Finetune Albert on french corpus

Introduction

ALBERT is the "A Lite" version of BERT, a popular unsupervised language representation learning algorithm. ALBERT uses parameter reduction techniques that allow for large-scale configurations, overcoming previous memory limitations and achieving better performance model degradation behavior.

For a detailed technical description of the algorithm, see the article :

ALBERT: A Lite BERT for Self-supervised Learning of Language Representations (Zhenzhong Lan, Mingda Chen, Sebastian Goodman, Kevin Gimpel, Piyush Sharma, Radu Soricut) and the official repository Google ALBERT

Google researchers have introduced three significant innovations with ALBERT. 1

Factorized integration parameterization: The researchers isolated the size of hidden layers from the size of vocabulary embedding by projecting one-hot vectors into a smaller embedding space and then into the hidden space.
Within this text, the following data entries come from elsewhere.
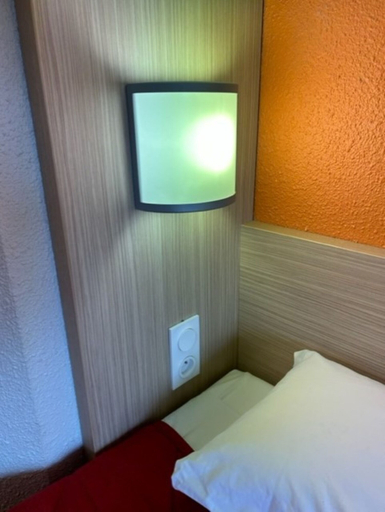 Bedroom 3, Premiere Classe Blois Nord, Loir-et-Cher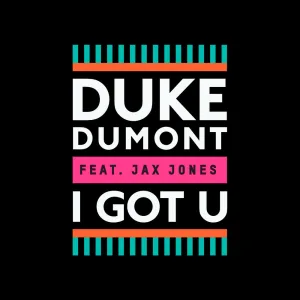 I Got U (Jonas Rathman Remix)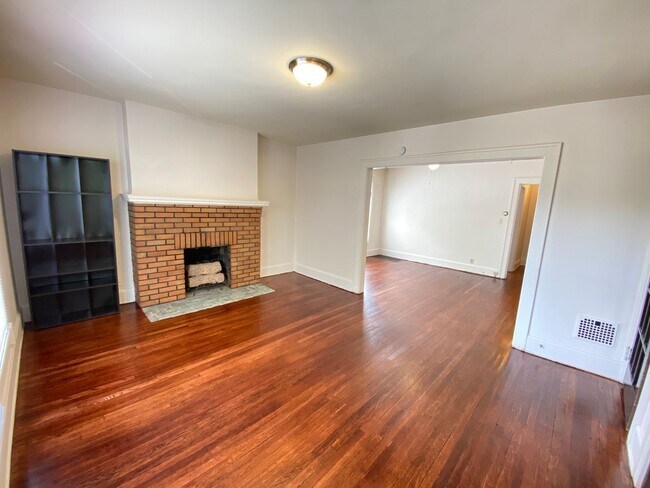 Photo - Pennsylvania Ave 1411-1413 CPSIP Unidad 1413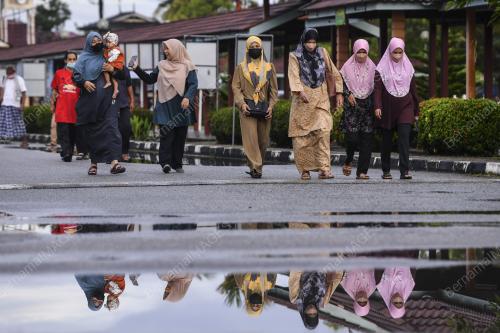 PILIHAN RAYA UMUM KE-15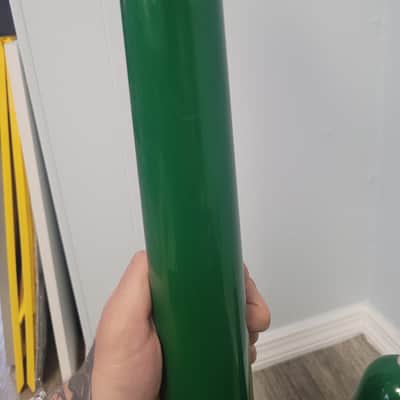 Epiphone Wilshire Phantomatic 2011 - 2019 - Emerald Green image 7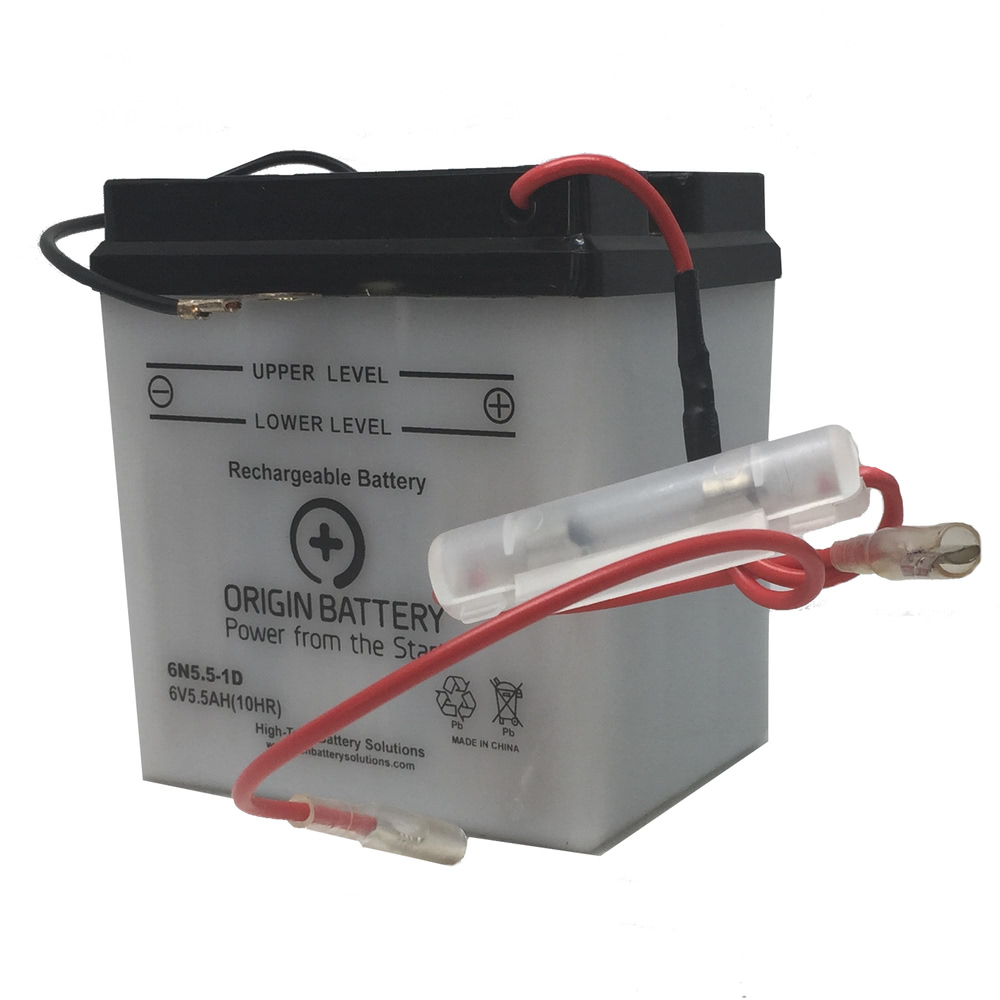 Honda CT90 Trail Battery Replacement (1966-1979) Questions & Answers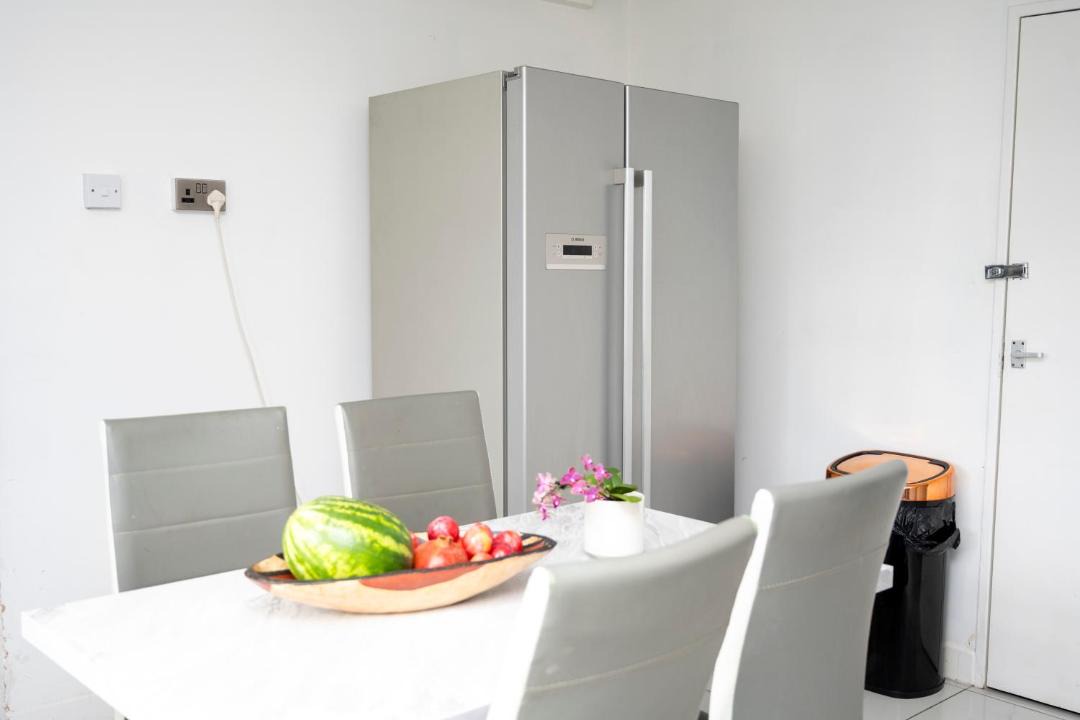 Photo of Others in Northampton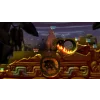 PS4 Worms Battlegrounds - bazar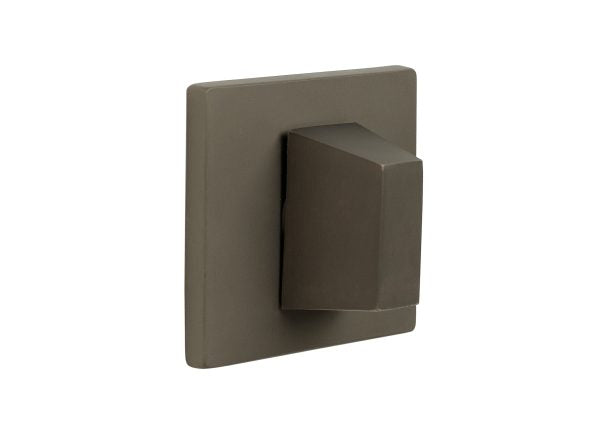 Tupai Rapido 5S Line WC Turn and Release *for use with ADBCE* on 5mm Slimline Square Rose by Atlantic Hardware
This made it easier to increase the size of hidden layers without significantly increasing the size of vocabulary embedding parameters.
Sharing of parameters between layers: The researchers chose to share all parameters between layers to prevent the parameters from increasing with the depth of the network. As a result, the large ALBERT model has about 18x fewer parameters than the large BERT model.
Loss of consistency between sentences: In the BERT document, Google proposed a technique for predicting the next sentence to improve the performance of the model in downstream tasks, but subsequent studies showed that this technique was not reliable. The researchers used a loss of sentence order prediction (SOP) to model inter-sentence consistency in ALBERT, which allowed the new model to perform better in multi-sentence coding tasks.

Data preparation

I provide in this github a Dockerfile with all needed tools:

git clone https://github.com/laouer/albert-utils.git

To finetune Albert, we need to obtain the targeted corpus (we detail here the processing of the wikipedia data)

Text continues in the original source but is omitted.